■ EXERCISE AIM ■
Below, locate the line that contains "5 of 9 - 26105". Repeat exactly from that line to the line that contains "SENTRY SAFE Commercial", inclusive, leaving out the pictures.

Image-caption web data
- Opening Delimiter -
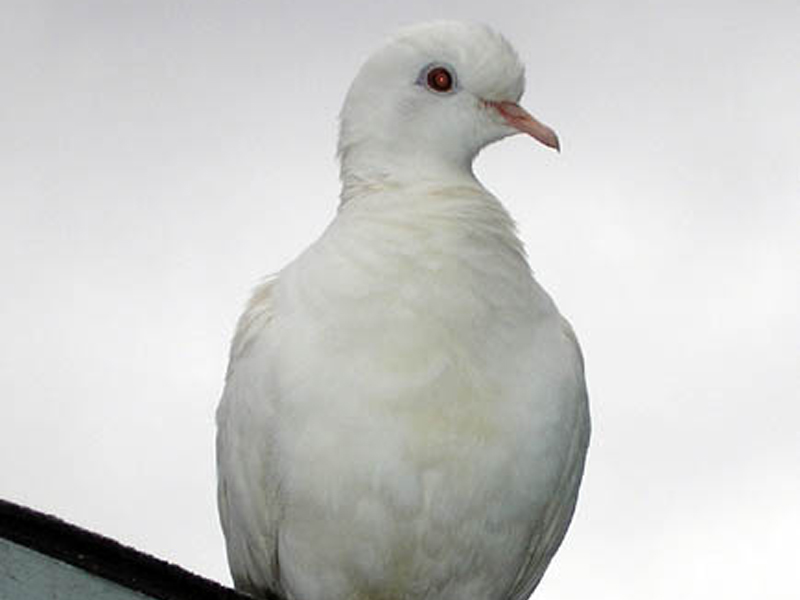 A nice closeup picture of the albino Mourning Dove.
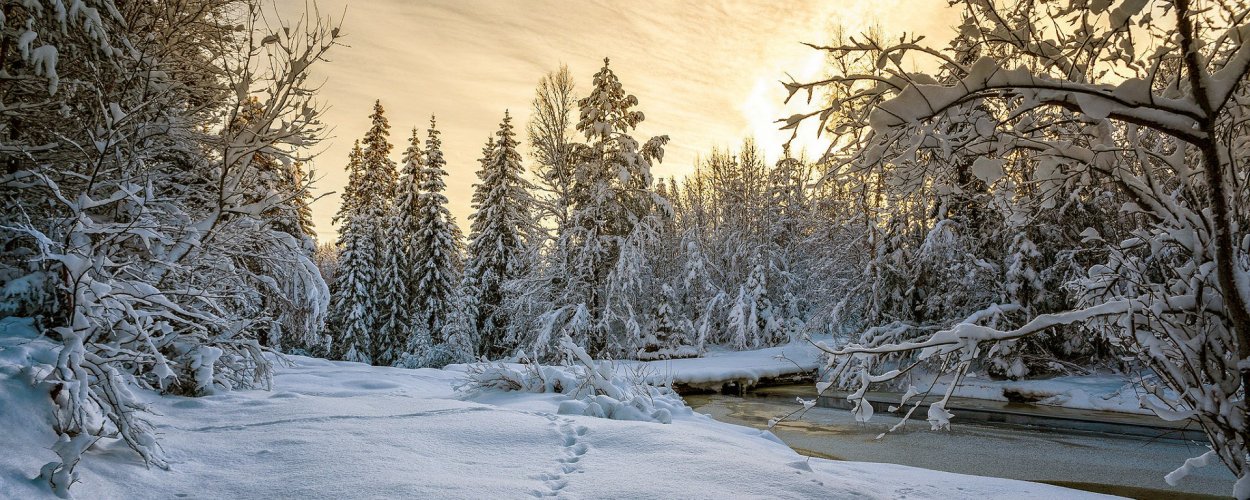 Зима панорама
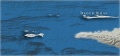 Thumbnail for version as of 23:26, 8 January 2018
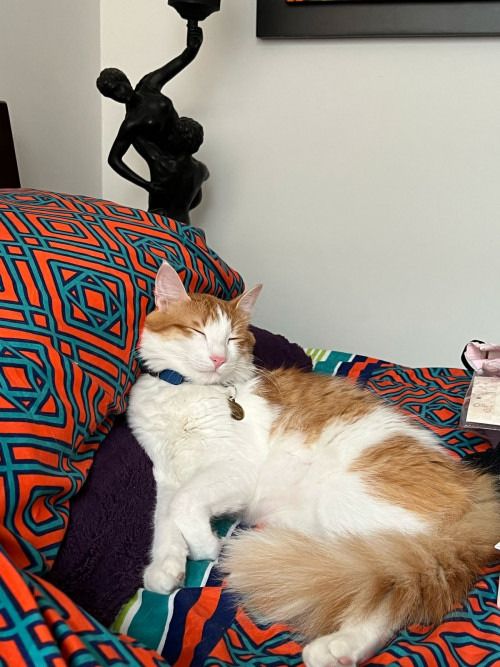 Simba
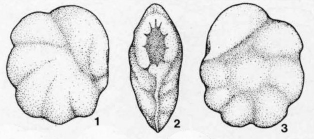 Involvina obliqua Kristan-Tollmann, 1960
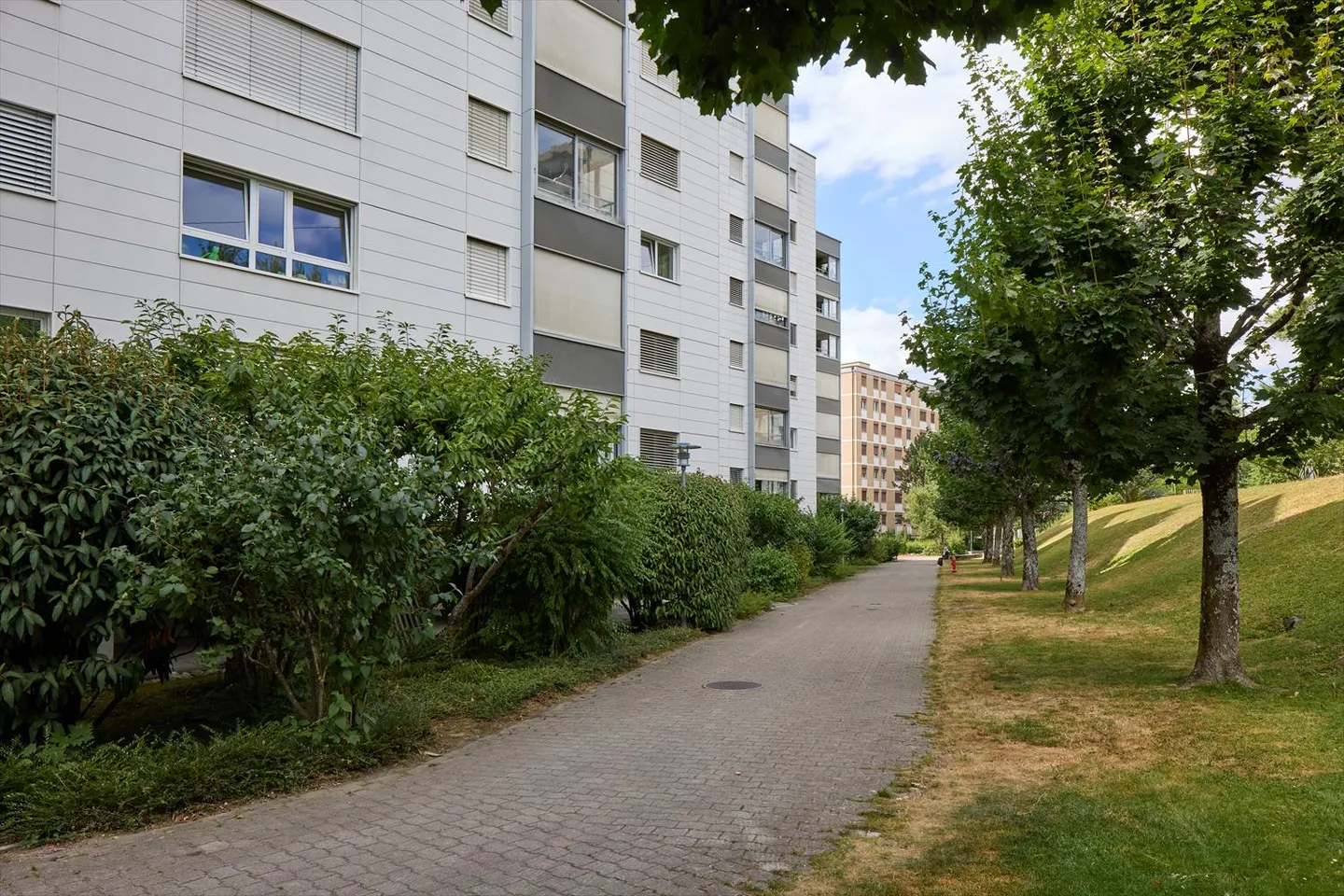 Appartement 1 pièce - Photo 4 sur 7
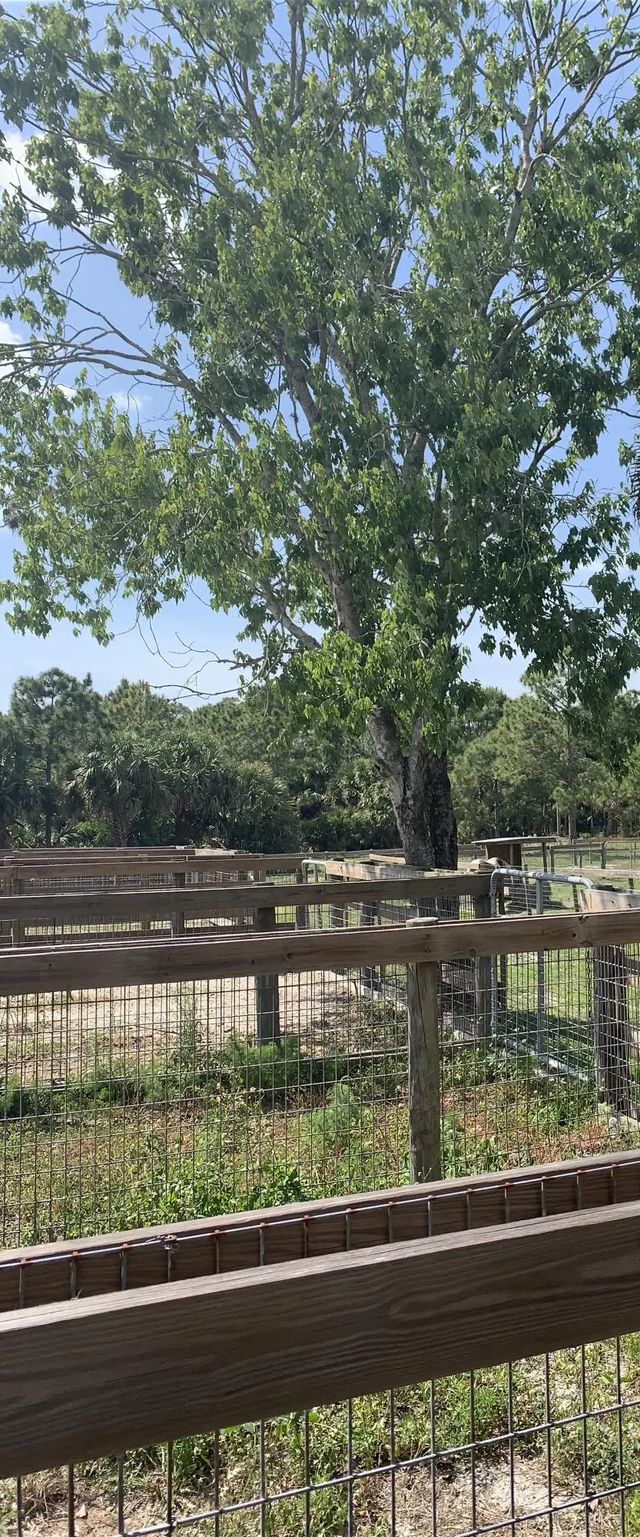 5 of 9 - 26105 Sw 86th Street, Indiantown, FL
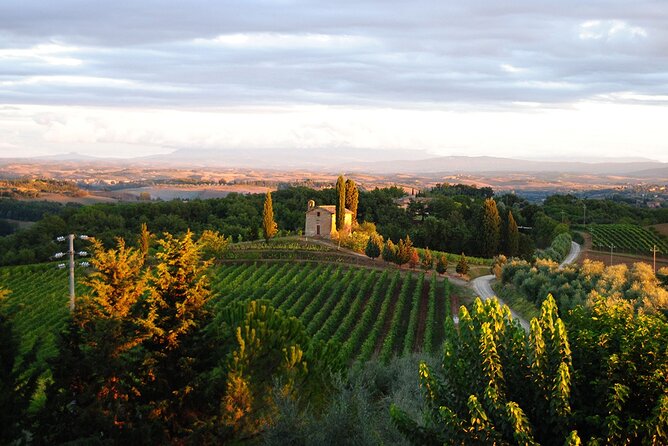 Wine Tasting at the Winery in the Panoramic Terrance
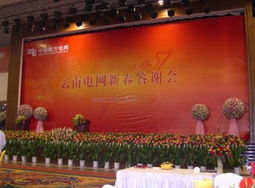 會(huì)議會(huì)場(chǎng)搭建布置與展覽服務(wù)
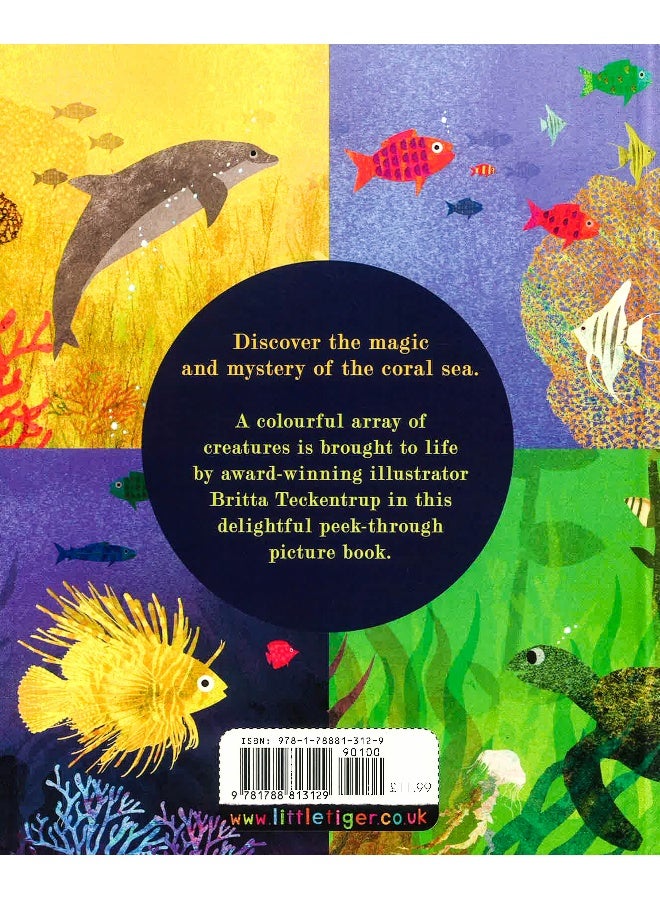 كتاب Sea غلاف صلب الإنجليزية - 2-May-19 - Image 2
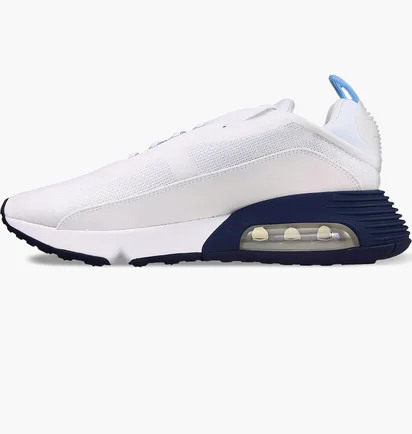 Кросівки чоловічі Nike Air Max 2090 White DM2823-100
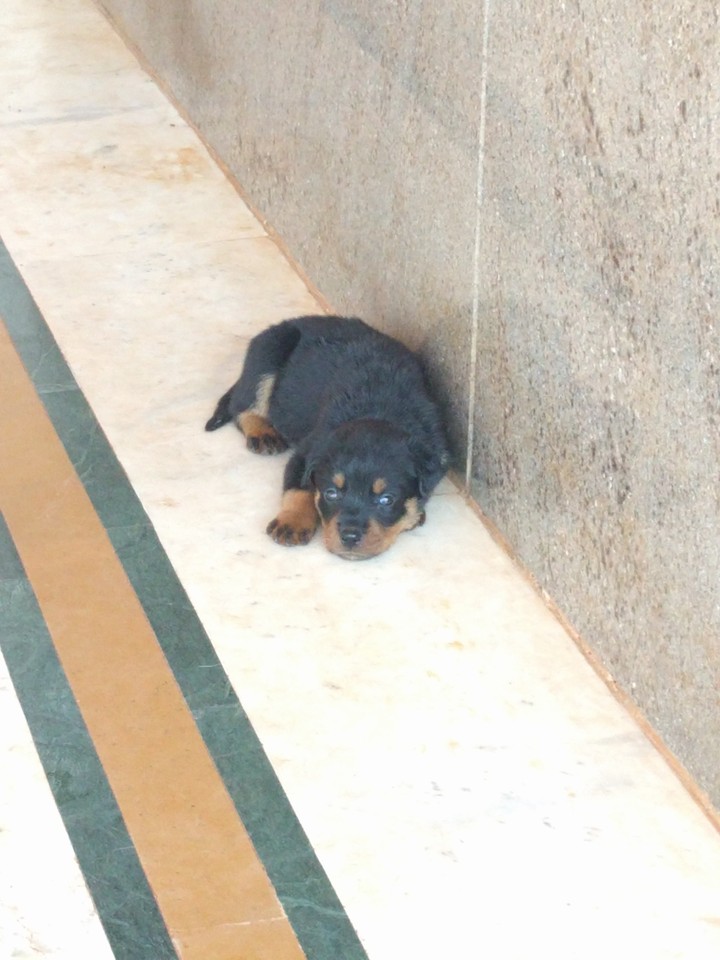 Rottweiler puppy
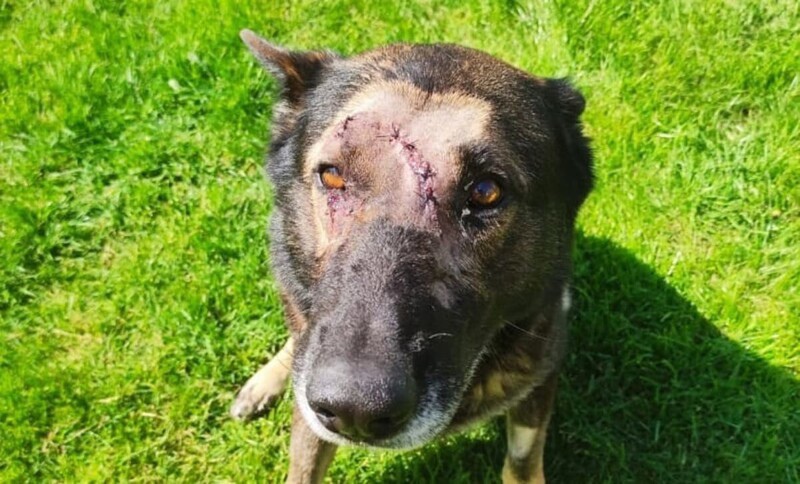 Полицейский пес вернулся на службу после шести ранений
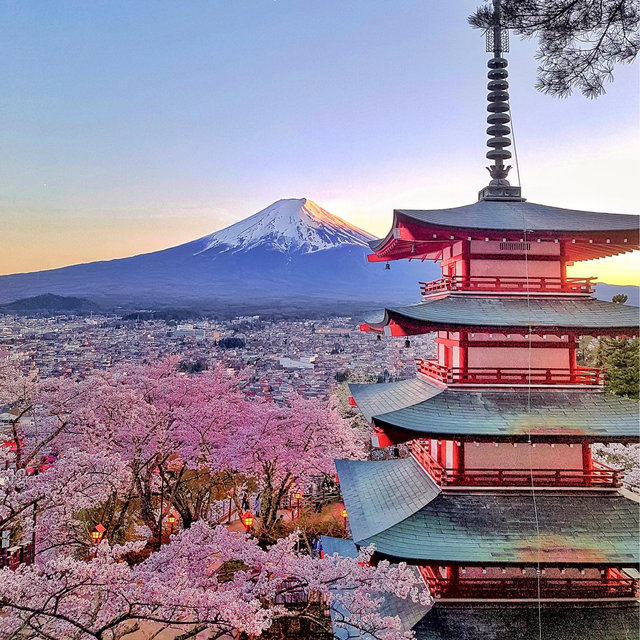 Honeymoon Fund 🇯🇵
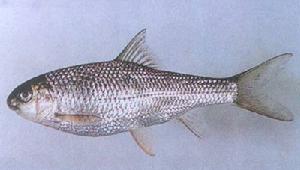 南方白甲魚
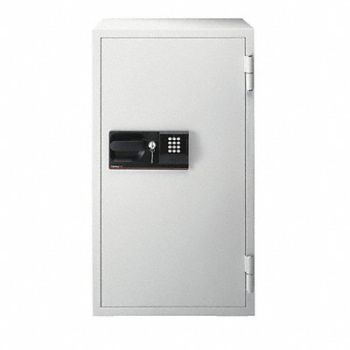 SENTRY SAFE Commercial Fire Safe 5.8 cu ft, 2GTP8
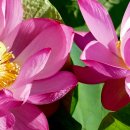 하남 당정뜰 연꽃 이미지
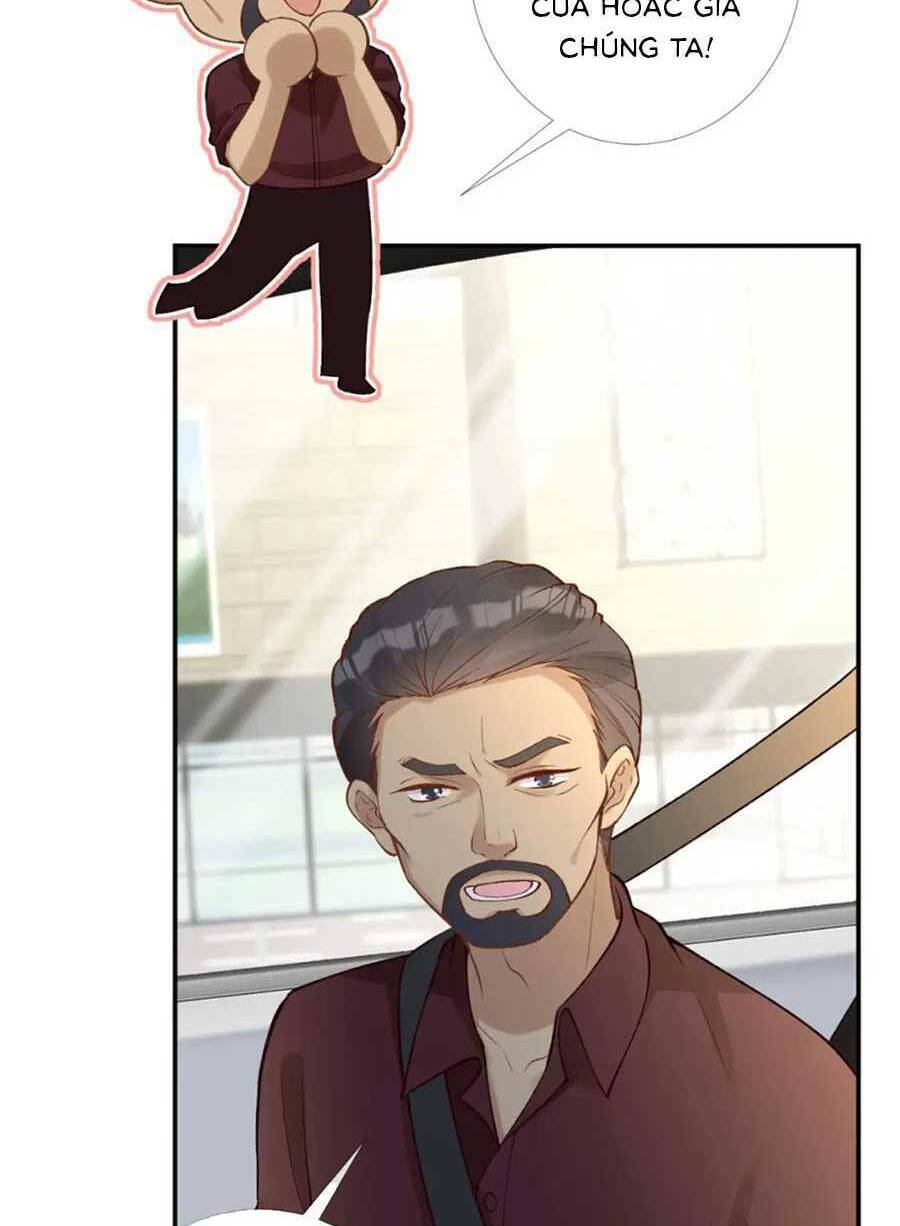 Chapter 176 trang 41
- Closing Delimiter -
■ PROBLEM SOLUTION ■
 5 of 9 - 26105 Sw 86th Street, Indiantown, FL
 Wine Tasting at the Winery in the Panoramic Terrance
 會(huì)議會(huì)場(chǎng)搭建布置與展覽服務(wù)
 كتاب Sea غلاف صلب الإنجليزية - 2-May-19 - Image 2
 Кросівки чоловічі Nike Air Max 2090 White DM2823-100
 Rottweiler puppy
 Полицейский пес вернулся на службу после шести ранений
 Honeymoon Fund 🇯🇵
 南方白甲魚
 SENTRY SAFE Commercial Fire Safe 5.8 cu ft, 2GTP8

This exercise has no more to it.